The paper feed unit 4 includes a paper feed tray 6 on which recording sheets 3 (which are one example of “recording sheet”) are placed; a pressing plate 7; and a paper feed roller 8. The pressing plate 7 can rotate about a rear end portion thereof. The recording sheets 3 on the pressing plate 7 are pressed against the paper feed roller 8. The rotation of the paper feed roller 8 feeds each of the recording sheets 3 to a conveying path.

The registration roller 12 correcting a skew (a posture) of the recording sheet 3 fed by the paper feed roller 8, and subsequently conveys the recording sheet 3 to a transfer position X. At the transfer position X, a toner image on a photosensitive drum 27 is transferred to the recording sheet 3. That is, at the transfer position X, the photosensitive drum 27 is in contact with a transfer roller 30.

The image forming unit 5 forms a toner image on the recording sheet 3. The image forming unit 5 includes a scanner unit 16 and a process cartridge 17. The scanner unit 16 includes a laser emission unit (not shown) and a polygon mirror 19. A laser beam emitted from the laser emission unit (indicated by alternate long and short dash line in the diagram) is deflected by the polygon mirror 19 and emitted to the surface of the photosensitive drum 27.

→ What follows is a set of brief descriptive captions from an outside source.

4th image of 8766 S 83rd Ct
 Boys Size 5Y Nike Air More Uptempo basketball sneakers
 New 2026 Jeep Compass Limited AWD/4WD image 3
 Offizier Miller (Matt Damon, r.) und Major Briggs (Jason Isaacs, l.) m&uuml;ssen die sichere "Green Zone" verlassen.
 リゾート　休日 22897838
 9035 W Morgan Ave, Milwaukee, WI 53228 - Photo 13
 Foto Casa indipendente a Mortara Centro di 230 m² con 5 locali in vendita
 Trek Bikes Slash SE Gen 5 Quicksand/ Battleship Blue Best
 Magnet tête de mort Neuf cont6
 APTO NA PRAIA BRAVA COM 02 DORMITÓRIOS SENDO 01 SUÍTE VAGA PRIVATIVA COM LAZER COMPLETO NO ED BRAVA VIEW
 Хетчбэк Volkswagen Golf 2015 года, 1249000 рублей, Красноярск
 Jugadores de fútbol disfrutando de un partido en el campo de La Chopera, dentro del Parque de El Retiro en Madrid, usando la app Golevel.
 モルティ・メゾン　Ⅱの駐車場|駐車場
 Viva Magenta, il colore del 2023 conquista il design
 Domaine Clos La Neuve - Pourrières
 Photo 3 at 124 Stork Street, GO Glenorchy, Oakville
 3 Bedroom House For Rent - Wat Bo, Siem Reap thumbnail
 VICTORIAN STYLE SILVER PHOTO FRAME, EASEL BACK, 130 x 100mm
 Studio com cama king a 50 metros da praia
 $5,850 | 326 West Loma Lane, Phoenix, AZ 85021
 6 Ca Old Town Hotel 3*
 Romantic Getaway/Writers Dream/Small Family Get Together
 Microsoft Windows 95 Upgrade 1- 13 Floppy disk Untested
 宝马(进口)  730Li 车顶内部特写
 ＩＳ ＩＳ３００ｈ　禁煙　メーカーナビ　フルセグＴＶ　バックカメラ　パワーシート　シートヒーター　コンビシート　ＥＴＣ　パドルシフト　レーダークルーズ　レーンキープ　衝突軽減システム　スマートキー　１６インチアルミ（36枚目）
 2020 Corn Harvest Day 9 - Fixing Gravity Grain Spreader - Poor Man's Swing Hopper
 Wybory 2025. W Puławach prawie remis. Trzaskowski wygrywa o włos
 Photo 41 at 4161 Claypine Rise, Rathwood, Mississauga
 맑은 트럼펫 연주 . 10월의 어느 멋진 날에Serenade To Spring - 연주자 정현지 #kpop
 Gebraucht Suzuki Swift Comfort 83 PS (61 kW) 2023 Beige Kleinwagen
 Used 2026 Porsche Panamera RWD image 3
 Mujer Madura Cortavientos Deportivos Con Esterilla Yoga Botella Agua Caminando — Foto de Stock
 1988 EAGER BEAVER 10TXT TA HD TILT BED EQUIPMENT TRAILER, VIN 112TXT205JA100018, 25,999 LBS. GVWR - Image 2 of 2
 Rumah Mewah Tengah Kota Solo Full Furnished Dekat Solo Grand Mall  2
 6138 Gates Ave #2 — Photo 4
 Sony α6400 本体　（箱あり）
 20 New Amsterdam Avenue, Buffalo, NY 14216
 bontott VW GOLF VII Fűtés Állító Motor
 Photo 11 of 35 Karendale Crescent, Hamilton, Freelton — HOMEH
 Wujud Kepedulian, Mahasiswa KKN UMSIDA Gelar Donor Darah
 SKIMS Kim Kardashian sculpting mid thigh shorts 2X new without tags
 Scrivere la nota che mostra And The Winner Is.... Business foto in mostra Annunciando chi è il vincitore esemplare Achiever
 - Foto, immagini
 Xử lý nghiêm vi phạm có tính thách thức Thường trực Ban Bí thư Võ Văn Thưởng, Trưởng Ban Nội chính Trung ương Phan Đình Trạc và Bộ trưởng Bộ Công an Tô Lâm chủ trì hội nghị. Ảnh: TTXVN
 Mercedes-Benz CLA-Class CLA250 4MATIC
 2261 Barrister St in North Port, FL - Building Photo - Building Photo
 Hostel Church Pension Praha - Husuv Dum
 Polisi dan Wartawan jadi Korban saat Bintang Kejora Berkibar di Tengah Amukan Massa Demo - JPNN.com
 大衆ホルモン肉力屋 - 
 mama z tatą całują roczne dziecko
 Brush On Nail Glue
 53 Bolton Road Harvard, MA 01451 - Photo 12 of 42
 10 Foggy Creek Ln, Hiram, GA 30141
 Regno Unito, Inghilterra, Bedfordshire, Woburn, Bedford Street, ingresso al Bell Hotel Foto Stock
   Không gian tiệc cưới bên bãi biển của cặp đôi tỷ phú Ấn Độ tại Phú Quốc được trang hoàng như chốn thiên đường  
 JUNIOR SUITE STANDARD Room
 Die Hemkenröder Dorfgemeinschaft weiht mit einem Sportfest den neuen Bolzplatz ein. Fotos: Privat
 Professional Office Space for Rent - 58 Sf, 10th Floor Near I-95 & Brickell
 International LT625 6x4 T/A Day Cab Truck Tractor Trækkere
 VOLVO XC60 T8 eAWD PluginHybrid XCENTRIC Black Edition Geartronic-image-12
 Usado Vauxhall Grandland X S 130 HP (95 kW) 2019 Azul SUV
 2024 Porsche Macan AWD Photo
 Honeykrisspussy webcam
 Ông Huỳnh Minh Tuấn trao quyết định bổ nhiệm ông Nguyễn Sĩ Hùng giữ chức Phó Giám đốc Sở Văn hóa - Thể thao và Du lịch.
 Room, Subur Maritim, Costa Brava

The process cartridge 17 includes a developing roller 31, the photosensitive drum 27, and a scorotron-type charger 29. The charger 29 charges the surface of the photosensitive drum 27 uniformly and positively. The positively-charged surface of the photosensitive drum 27 is exposed to the laser beam that is emitted from the scanner unit 16, and an electrostatic latent image is formed on the photosensitive drum 27. Then, the toner carried by the surface of the developing roller 31 is supplied to the electrostatic latent image formed on the photosensitive drum 27, whereby the image is developed.

As shown in FIGS. 1 and 3, the fixing unit 18 includes a heating roller 41, a pressing roller 42, and a heating device 20 including a heater 60. For example, the heater 60 is a halogen lamp, and is provided inside the heating roller 41. The heater 60 generates heat when power is supplied. The fixing unit 18 thermally fixes the toner image onto the recording sheet 3 when the recording sheet 3 passes between the heating roller 41 and the pressing roller 42. After the toner has been thermally fixed on the recording sheet 3, the recording sheet 3 is discharged onto a discharge tray 46 through a discharge path 44.

FIG. 2 shows an electric configuration of the printer 1. The printer 1 includes a control unit 50, the paper feed unit 4, the image forming unit 5, the fixing unit 18, a display unit 13, an operation unit 14, a communication unit 15, and a power supply circuit 80. The control unit 50 is one example of “processor”. The control unit 50 includes a CPU 51, a ROM 52, a RAM 53, and an EEPROM 54. The control unit 50 includes an ASIC (application specific integrated circuit) that contains the CPU 51. However, the control unit 50 is not limited to the ASIC.

The CPU 51 controls each part of the printer 1 by executing various programs stored in the ROM 52. The CPU 51 performs a plurality of control functions. Among the plurality of control functions, a control function for controlling the heating device 20 will be described later.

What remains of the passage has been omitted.